Maksudnya, bahwa tawanan yang telah menjadi bagian Nabi SAW dan bagian orang-orang dari banu 'Abdul Muththalib sudah pasti dikembalikan kepada mereka. Adapun para tawanan yang sudah menjadi bagian orang-orang dari tentara kaum muslimin yang lain, caranya meminta kembali, mereka diberi pelajaran oleh Nabi SAW seperti yang tersebut itu. Oleh sebab itu, maka sesudah Nabi SAW selesai mengerjakan shalat Dhuhur bersama kaum muslimin, lalu para utusan Hawazin itu berdiri dan mengatakan di hadapan orang banyak, "Kami ini telah mengikut Islam, dan kami ini saudara-saudara kalian di dalam agama. Kami memohon bantuan dengan Rasulullah kepada kaum muslimin dan dengan kaum muslimin kepada Rasulullah tentang anak-anak kami dan orang-orang perempuan kami, agar mereka itu dikembalikan kepada kami".

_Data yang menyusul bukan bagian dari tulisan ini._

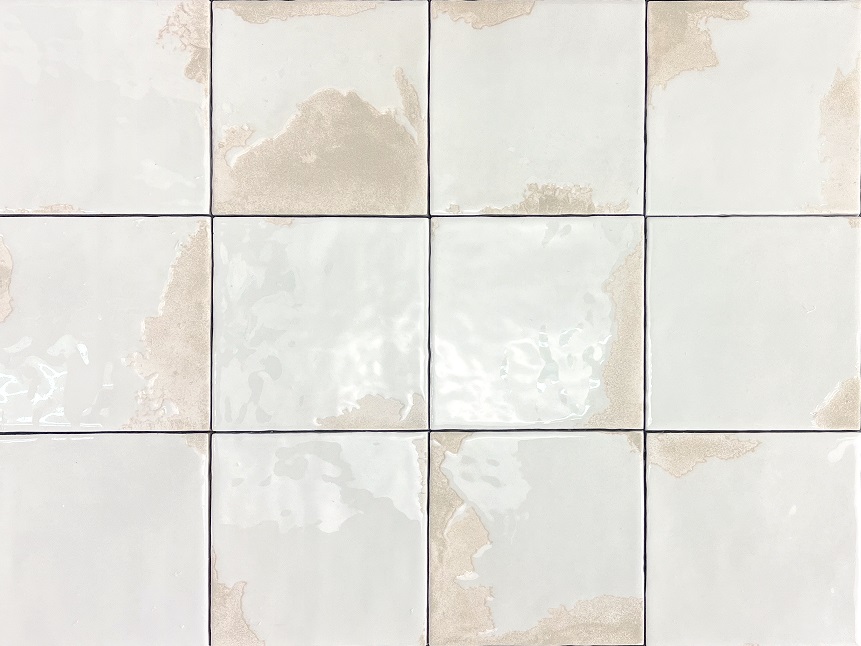 Zellige Wandfliese 11,5x11,5 cm "Laguna Sal" weiß glänzend reaktive Glasur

Setelah mereka mengatakan demikian, lalu Nabi SAW berdiri di depan tentara kaum muslimin dan bersabda :
اَمَّا بَعْدُ، فَاِنَّ اِخْوَانَكُمْ هؤُلاَءِ قَدْ جَاءُوْا تَائِبِيْنَ. وَ اِنّى قَدْ رَأَيْتُ اَنْ اَرُدَّ اِلَيْهِمْ سَبْيَهُمْ. فَمَنْ اَحَبَّ اَنْ يُطَيّبَ بِذلِكَ فَلْيَفْعَلْ وَ مَنْ اَحَبَّ مِنْكُمْ اَنْ يَكُوْنَ عَلَى حَظّهِ حَتَّى نُعْطِيَهُ اِيَّاهُ مِنْ اَوَّلِ مَا يُفِيْءُ اللهُ عَلَيْنَا فَلْيَفْعَلْ. نور اليقين 216
Adapun kemudian, maka sesungguhnya saudara-saudara kalian ini datang dengan bertaubat, dan sesungguhnya aku berpendapat bahwa aku akan mengembalikan para tawanan itu kepada mereka. Oleh sebab itu maka barangsiapa dengan suka rela mengembalikan tawanan itu, hendaklah ia lakukan, dan barangsiapa diantara kalian yang tetap menginginkan bagiannya sehingga kami akan menggantinya dari yang mula-mula Allah memberi rampasan kepada kami, maka lakukanlah. [Nuurul Yaqiin hal. 216]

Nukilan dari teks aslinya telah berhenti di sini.